■ Aim of the exercise:
Output the data word for word, dropping every image.

(Brief descriptive captions)
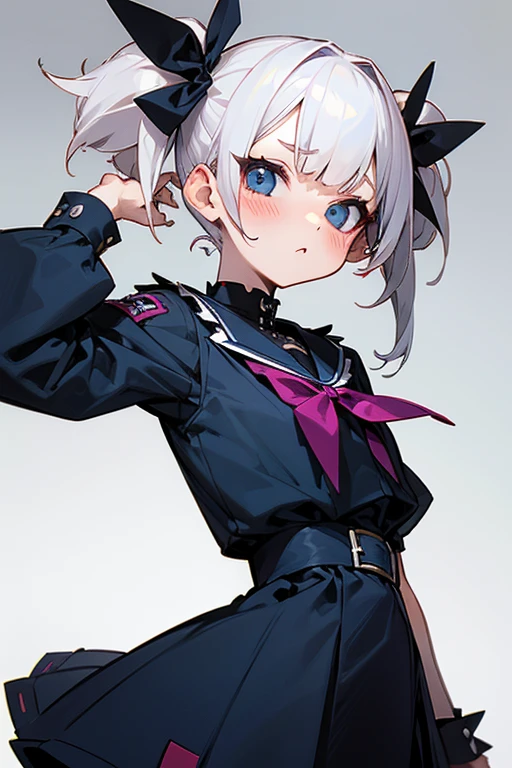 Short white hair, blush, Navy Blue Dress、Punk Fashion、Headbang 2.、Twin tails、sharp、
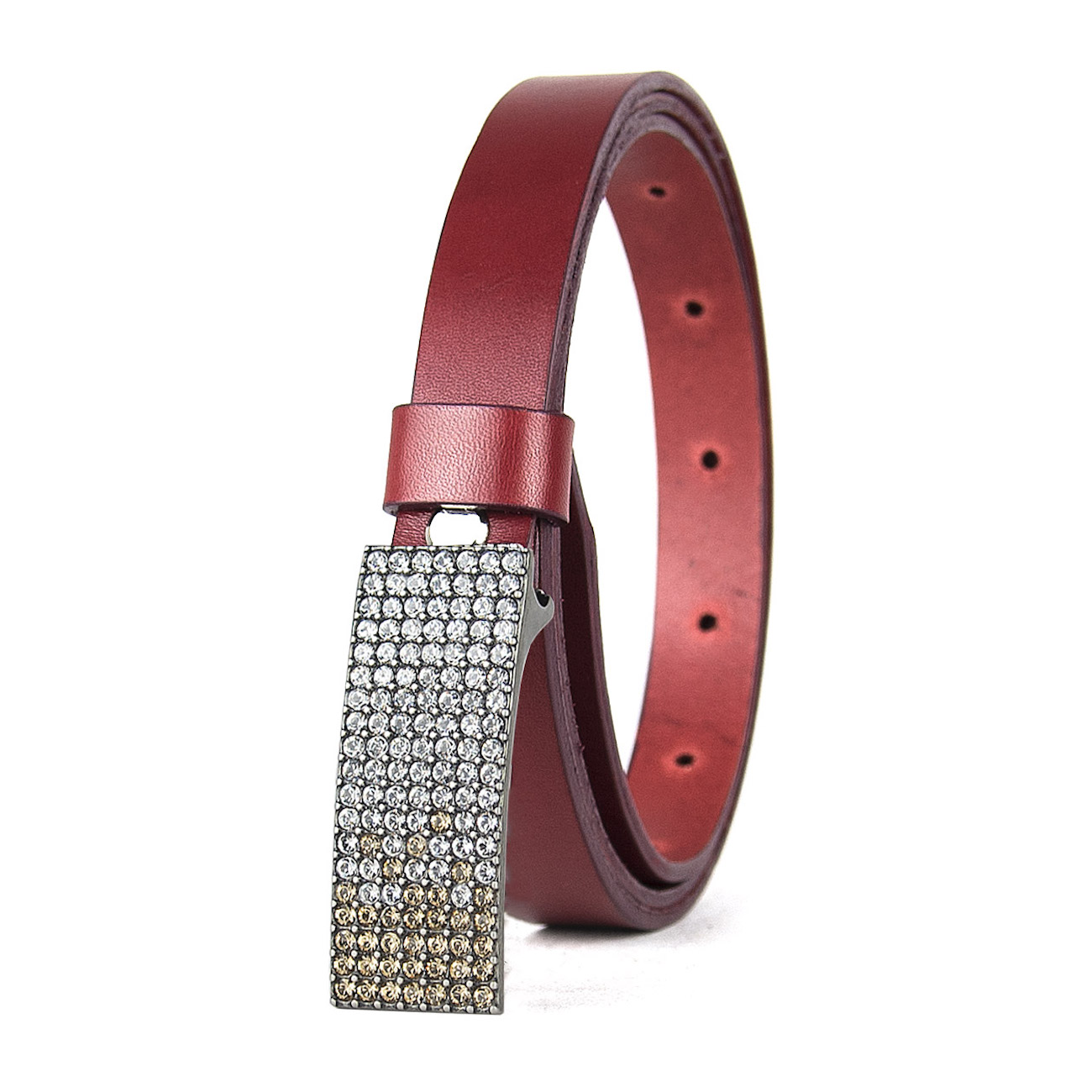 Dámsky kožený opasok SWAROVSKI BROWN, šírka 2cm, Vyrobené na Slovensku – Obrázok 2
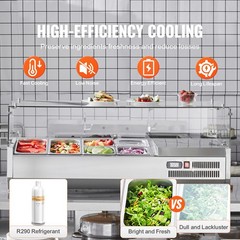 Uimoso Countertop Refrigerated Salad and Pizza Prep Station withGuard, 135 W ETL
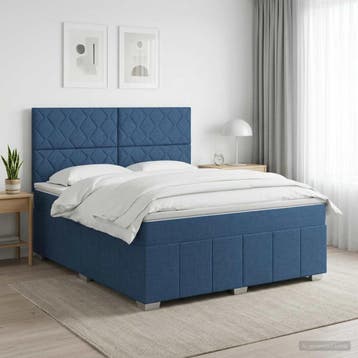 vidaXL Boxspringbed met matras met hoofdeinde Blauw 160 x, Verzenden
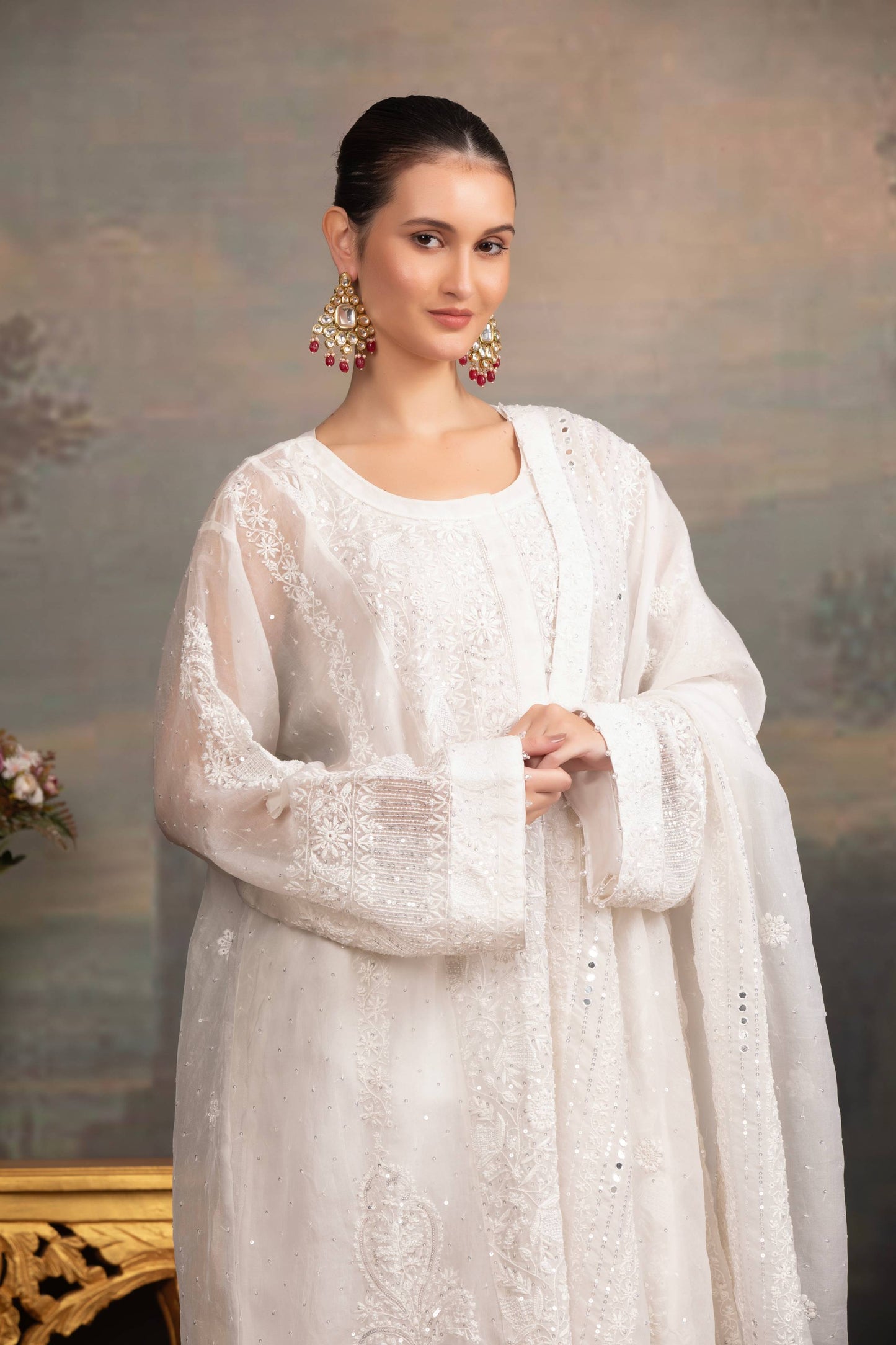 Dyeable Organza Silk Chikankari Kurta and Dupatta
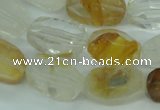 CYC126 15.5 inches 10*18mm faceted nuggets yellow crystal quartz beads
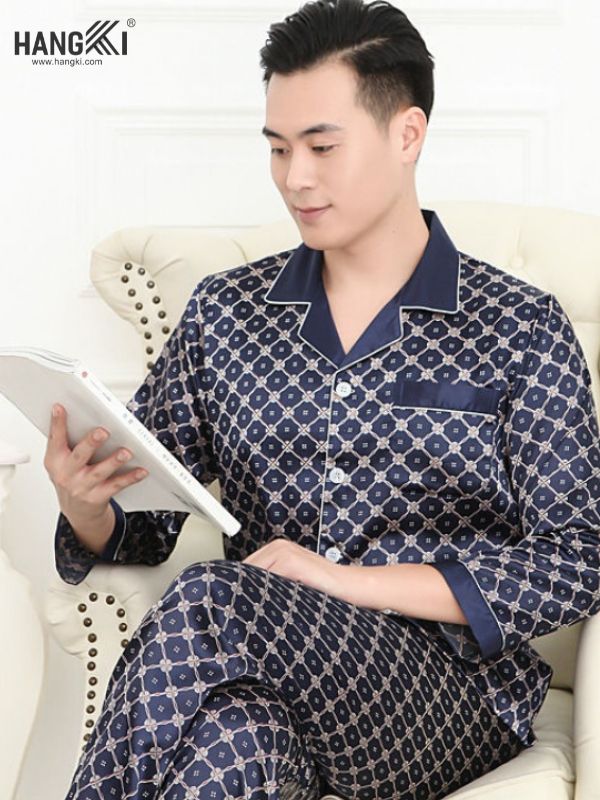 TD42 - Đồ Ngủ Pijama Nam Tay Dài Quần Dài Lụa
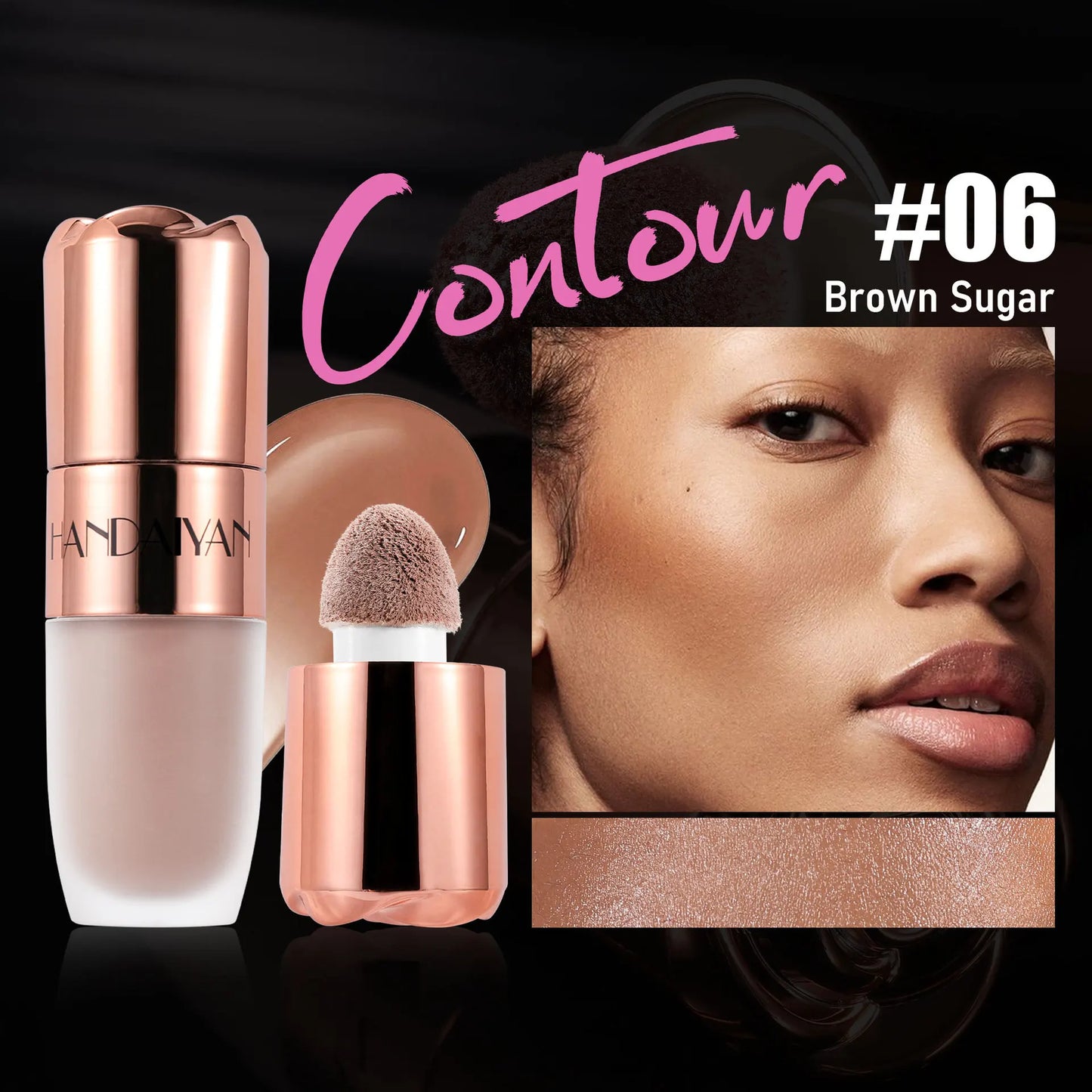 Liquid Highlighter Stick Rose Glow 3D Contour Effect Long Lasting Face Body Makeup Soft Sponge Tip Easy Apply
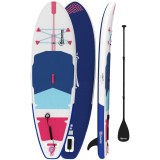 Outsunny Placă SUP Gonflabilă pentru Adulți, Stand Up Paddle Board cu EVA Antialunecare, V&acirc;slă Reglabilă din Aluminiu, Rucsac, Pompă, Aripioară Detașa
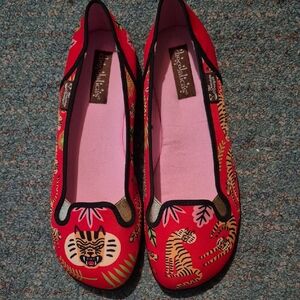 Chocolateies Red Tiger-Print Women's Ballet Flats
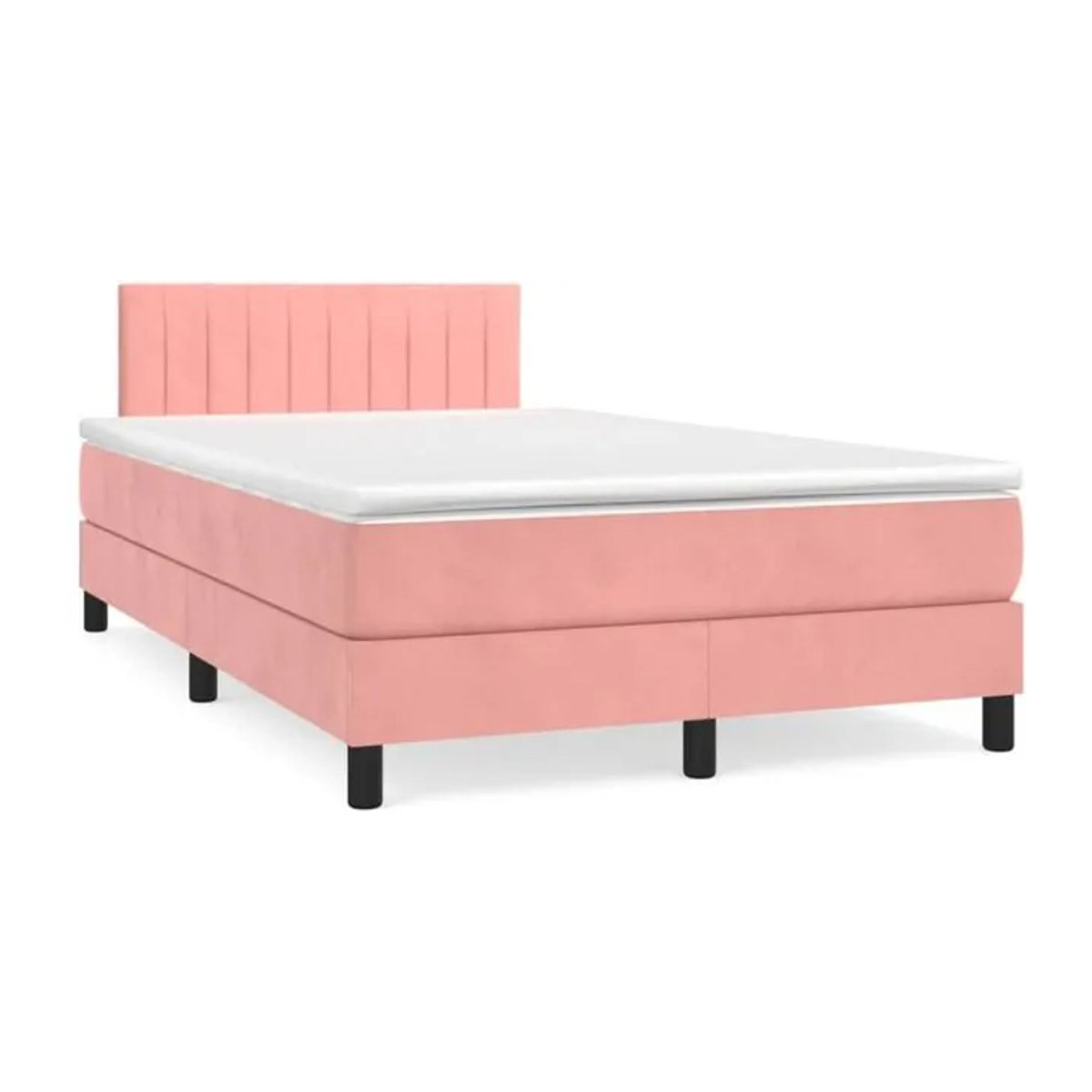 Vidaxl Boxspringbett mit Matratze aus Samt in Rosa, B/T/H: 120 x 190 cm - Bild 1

■ Response for this exercise:
 Short white hair, blush, Navy Blue Dress、Punk Fashion、Headbang 2.、Twin tails、sharp、
 Dámsky kožený opasok SWAROVSKI BROWN, šírka 2cm, Vyrobené na Slovensku – Obrázok 2
 Uimoso Countertop Refrigerated Salad and Pizza Prep Station withGuard, 135 W ETL
 vidaXL Boxspringbed met matras met hoofdeinde Blauw 160 x, Verzenden
 Dyeable Organza Silk Chikankari Kurta and Dupatta
 CYC126 15.5 inches 10*18mm faceted nuggets yellow crystal quartz beads
 TD42 - Đồ Ngủ Pijama Nam Tay Dài Quần Dài Lụa
 Liquid Highlighter Stick Rose Glow 3D Contour Effect Long Lasting Face Body Makeup Soft Sponge Tip Easy Apply
 Outsunny Placă SUP Gonflabilă pentru Adulți, Stand Up Paddle Board cu EVA Antialunecare, V&acirc;slă Reglabilă din Aluminiu, Rucsac, Pompă, Aripioară Detașa
 Chocolateies Red Tiger-Print Women's Ballet Flats
 Vidaxl Boxspringbett mit Matratze aus Samt in Rosa, B/T/H: 120 x 190 cm - Bild 1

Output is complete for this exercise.